Slinging his messenger bag over his shoulder, he reached for Eden’s hand but caught himself. He’d promised to give him a few days to adjust and make an impression on his students.
Which meant no public touching.
Why had he agreed to something so stupid?
With a low growl of frustration, Ares stormed out, leaving the Starling to either fly after him or not.
Eden caught up with him on the stairs. “Why’d you avoid the elevators?”
Perhaps he was taking a page out of Ryker’s playbook. Or maybe he didn’t want to risk being crammed into close quarters at the moment. The truth was never simple, set, or a singular thing.
Ares was good at pretending. At ignoring the frayed edges of reality and acting like everything was fine.
During those times he couldn’t, the people around him usually assumed he was spacing out or daydreaming and didn’t press the issue or comment.
Only those close to him, like the other Black Harts, understood what really went on in his mind.
And now there was Eden.
“Telling you this makes me feel crazy,” he muttered, taking the steps quickly, not even sure if the older man heard him from a few paces behind.

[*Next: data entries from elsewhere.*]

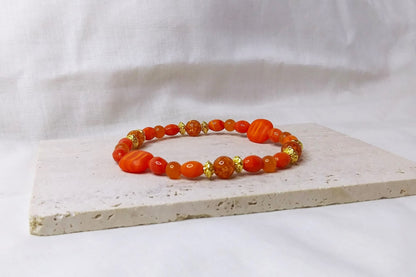 Glass beads and Orange Quartz with gold accent stretch stackable bracelet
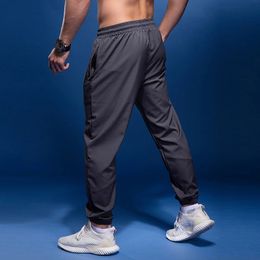 Bintuoshi Sport Pantalons Hommes coulant avec des poches à fermeture éclair et un pantalon de sport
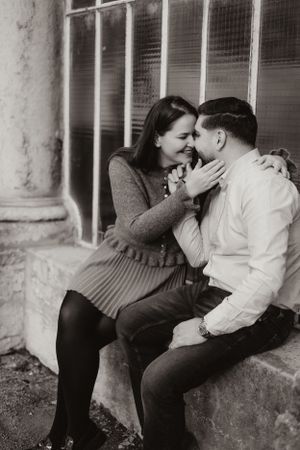 Series of intimate black and white photos showing tender romantic moments between a couple.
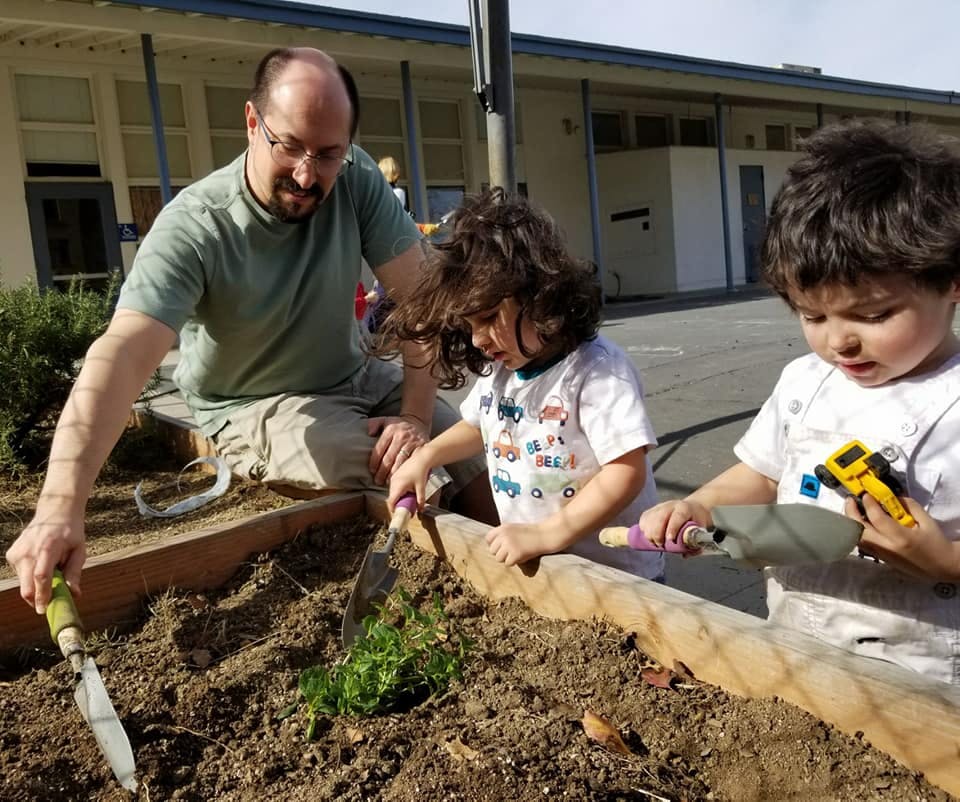 Person and two children planting in a garden bed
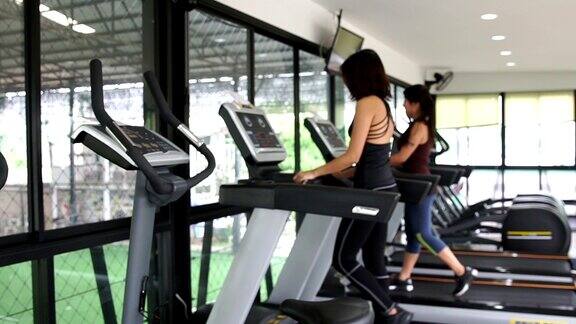 模糊亚洲妇女走在跑步机上健身锻炼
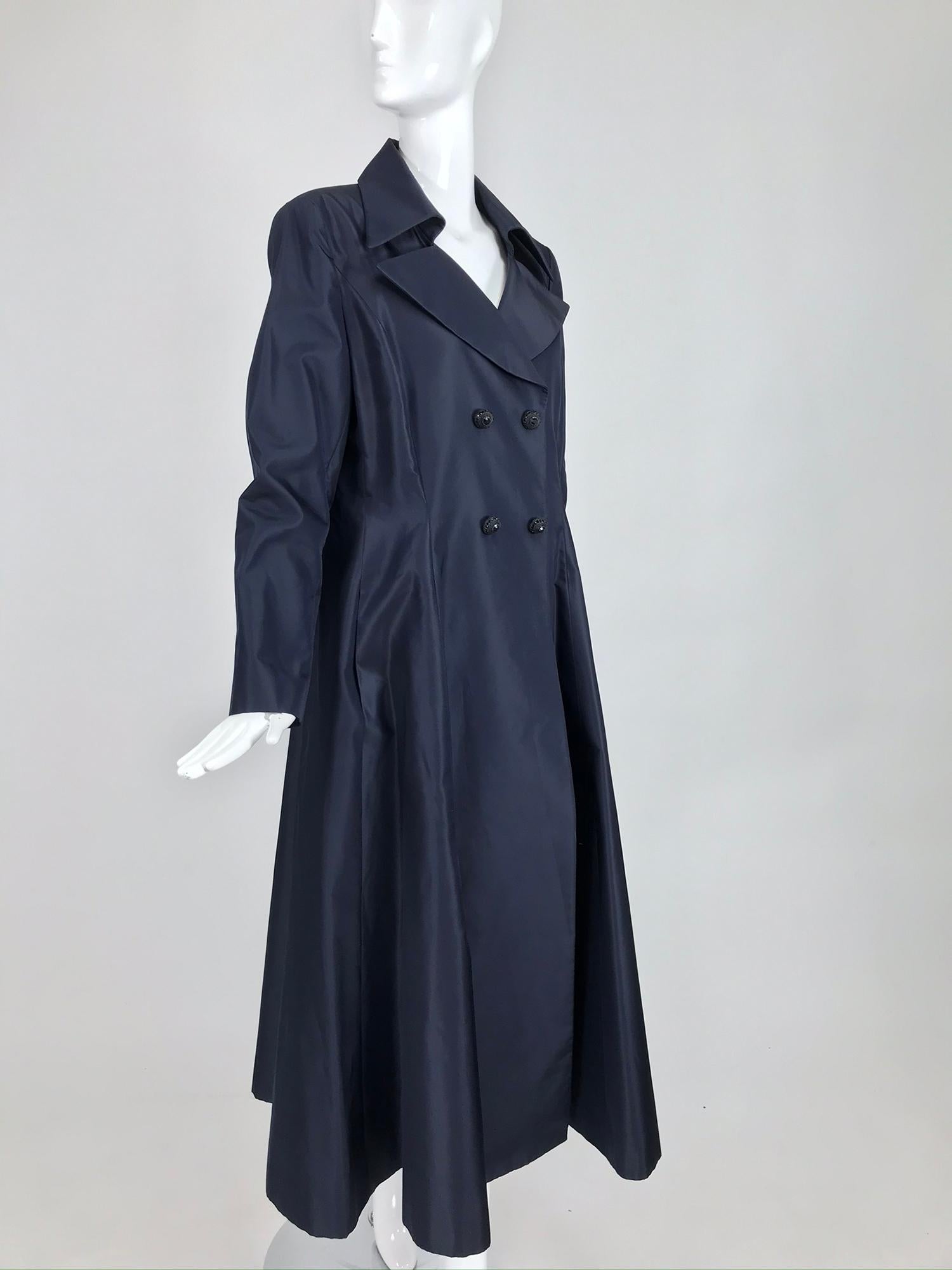 Style Paris navy blue silk evening coat. Style Paris is a luxury women’s wear brand available exclusively at their boutiques in Palm Beach, New York. Their collection remains entirely made in France, where their Atelier also produces for companies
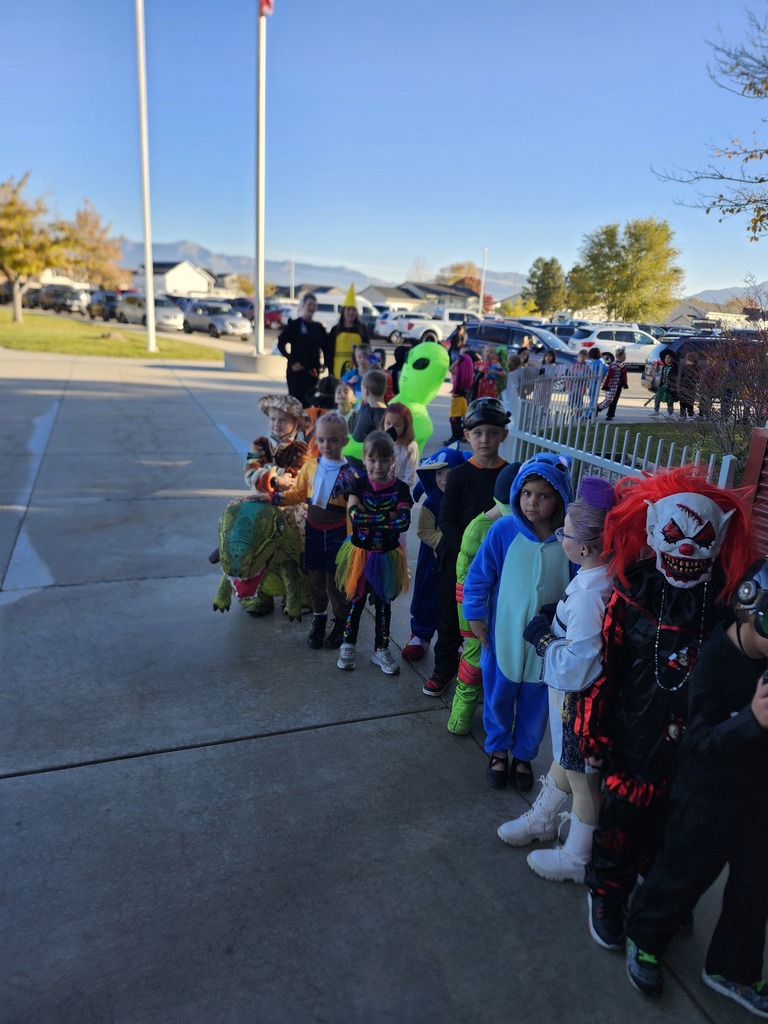 1st grade class walking in the halloween costume parade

The fracturing didn’t happen all at once. It’d started small, harmless. Barely noticeable. He’d been in his early teens by then, around thirteen or fourteen. Even though he knew better now, Mother had excused his odd behavior as hormones.
When Zar started predicting things, they called it a gift.
Ares went from the perfect specimen to the problem child within a couple of years. Good for him. Bad for Zar.
“Hey.” Eden latched onto his arm the second they stepped out of the building, pulling him to a stop before he could take the path leading toward Castle Black. “Where’s the nearest coffee shop?”
He pointed across the way toward the library. At the bottom level, there was a separate café attached. “Velvet Brew.”